A peine dix heures du matin et l'envie de boire devient de plus en plus forte. Simplement, sentir en rêvant la gorgée de vodka qui glisse le long de la gorge après avoir brûlé l'intérieur des joues. Une bonne rasade qui monte droit au cerveau, et sans un battement de cil, sans un tressaillement de dégoût.
A la bibliothèque universitaire depuis maintenant deux heures, je fais tout pour ne pas me laisser emporter par mes impulsions. De la même manière que je sais qu'il ne faut pas que je boive ne serait-ce qu'une goutte sous peine de ne pouvoir m'arrêter avant l'ivresse totale, je feins de ne pas jeter un oeil à cette fille en robe, assise deux places à ma gauche. Même, je suis plus concentré sur sa conversation que sur ma lecture, et cela devrait me permettre d'oublier toute idée de l'aborder, qui ne me paraît plus aussi impossible qu'auparavant depuis que je suis vendeur.

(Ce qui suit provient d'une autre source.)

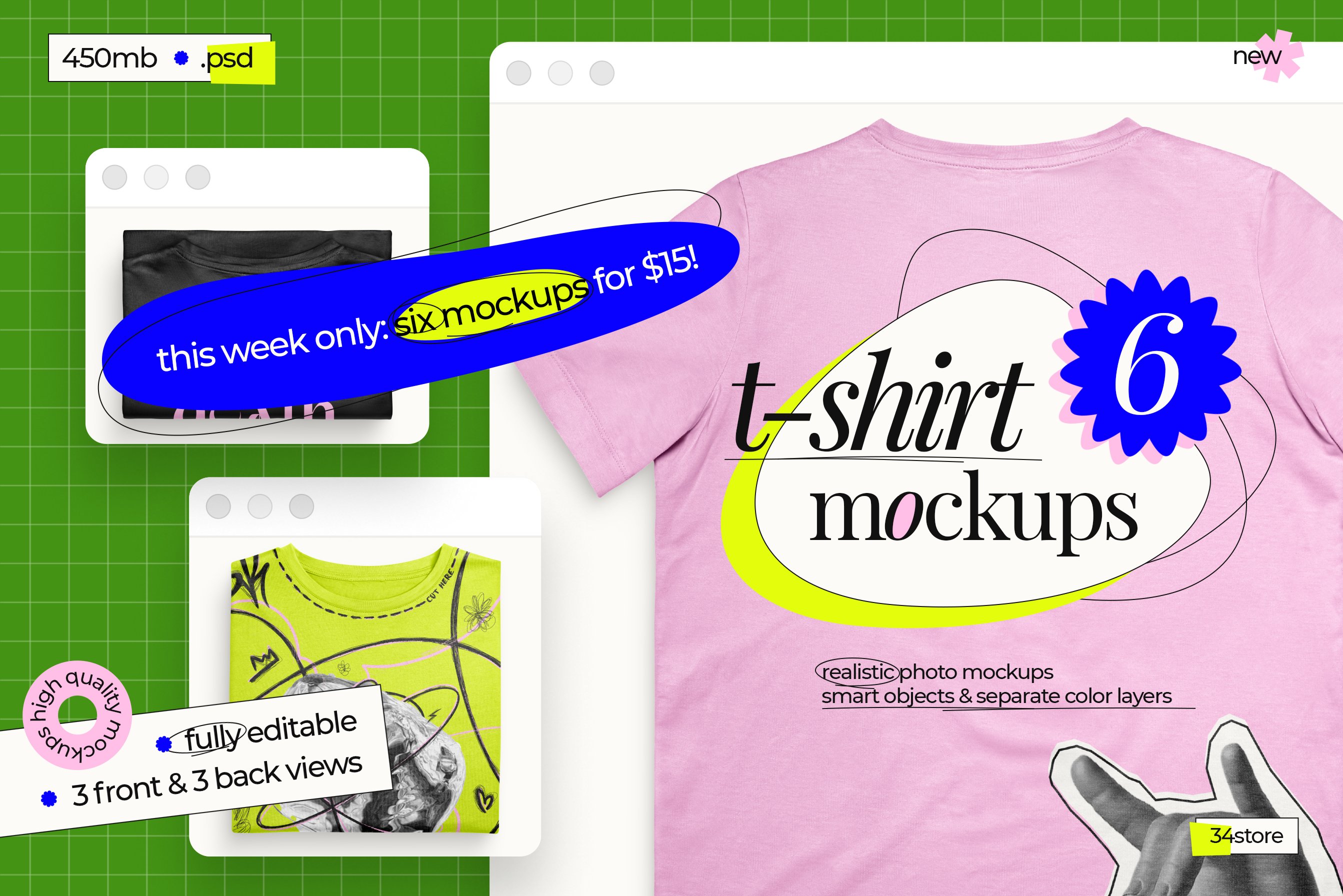 Six T-Shirt PSD Mockups Bundle cover image.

Ecrire m'apparaît comme tout aussi vital à cet instant. Je n'écris à cet instant rien de ce que je souhaiterais écrire, rien de fondamental, de bouleversant, rien qui ne transmette quoi que ce soit à quiconque. Simplement, balancer chaque idée, sans en faire le lien, et faire en sorte, dans l'absolu, que la pensée se traduise presque instantanément en écrit, me fait oublier en partie la volonté de puissance, parfois infantile et fière, que me procurent le sexe et la boisson.
Le sexe est puissance, contrôle de soi et de l'autre. De la sorte, il me serait incapable d'agir en homme en baisant n'importe qui. Je n'ai même aucun souvenir quant à l'idée que je me faisais du sexe auparavant. Je crois qu'il y avait déjà cette mystification, cette fulgurance que j'ai toujours recherchée dans les émotions, la littérature, dans les décisions instantanées qui rendent un acte totalement irréfléchi mais pour autant non dénué de subtilité. Si le corps qui me fait face n'est pas habité d'émotions intransigeantes, pures et brutales, ce pourrait être le plus beau cul que j'aie jamais vu, caressé, la langue la plus douce sur mes lèvres que je préfèrerai être indifférent, ne pas me donner la peine de l'effort vain, puisqu'il ne bouleverserait pas.
Cette considération, compte tenu de mes tendances aux excès, me rassure au moins quant à la possibilité de ne pas être seulement impulsions et inconscience. Je n'ai peut-être pas pleinement conscience d'être une réalité, mettons à peine une entité presque imperceptible, aux yeux des autres et surtout aux miens, mais j'acquiert au moins peu à peu la certitude de ne pas être un animal.
En jetant ces lignes et, surtout, en sachant qu'elles allaient être probablement lues, au moins par une dizaine de personnes, j'en ai oublié, d'une manière simple et pratique, toute envie de boire et de faire s'évaporer mon esprit et ma douleur. j'avale mon Dicodin du jour sans eau. Maintenant, je préfère de loin un café-clope.